She added that there is more to give when it comes to the district’s Willison Scholarship fund. The district collected about $19,000 in interest and only gave out $5,000 in scholarship awards.
“If kids apply, it’s a nice fund and it would be great if we could give out more,” she said.
Supervisor of Buildings and Grounds Bob Coleman had some ideas on how to best use the budget surplus, including a continuation of LED lighting in the elementary school. The fixtures are $61 each and, according to Colemen, with an improved efficiency, they would pay for themselves in about three years. The total cost would be $11,038.95.
Management of Information Systems Director Justin Merwin proposed a new set of 80 chromebooks for the second grade classrooms. He said teachers are required to use them for Reflex Math, STAR Reading, Lexia and other programs.
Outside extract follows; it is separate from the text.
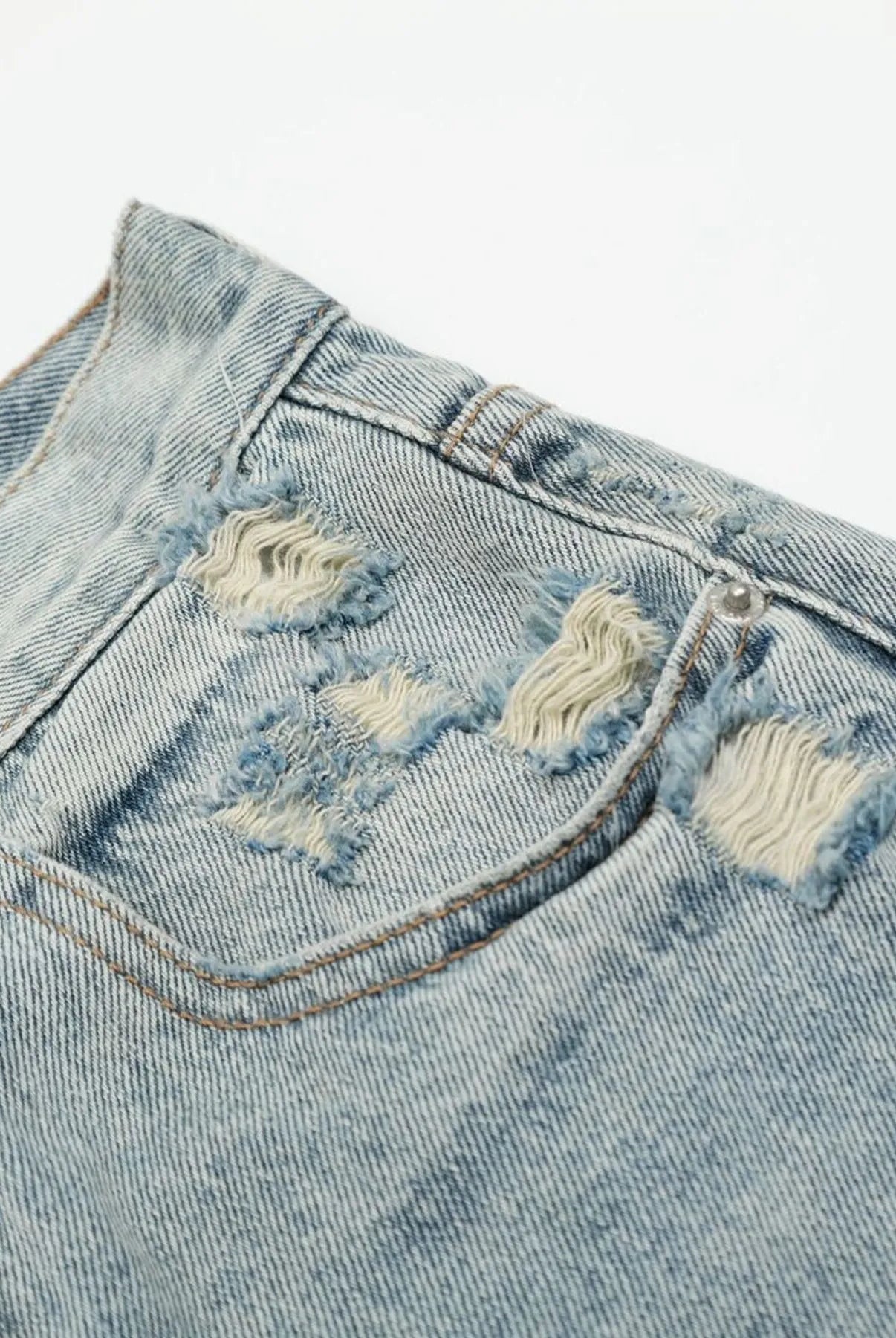 eb7221a4bedb4b398a1cb319d72d3307-Max-Origin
The proposal started a discussion between board members Molly Greenawalt, Ray Theiss and David Schirmer regarding the best type of devices as well as the possibility of moving to a one-to-one technology model in the district where students are assigned a device that stays with them as they move through the district. The board settled on the idea of gathering more information about what the teachers need in terms of technology and going from there.
“We’re not saying no,” school board president Jamie Mahle concluded. “We just have more work to do.”
Towards the end of the meeting, board members Brian Hartle and Ray Theiss were acknowledged for their service to the district as they both ended a four-year term. Both members were a part of the implementation of the popular Pre-K program as well as the school security agreement with the Clarion County Sheriff’s Department.
“You guys are going to be greatly missed,” Mahle said. “But we know you still have kids here and you’re part of the family here.”
“It’s been a learning experience these past four years,” Hartle noted. “I am going to miss it a little bit. But there’s still going to be great people coming on and great people on here.”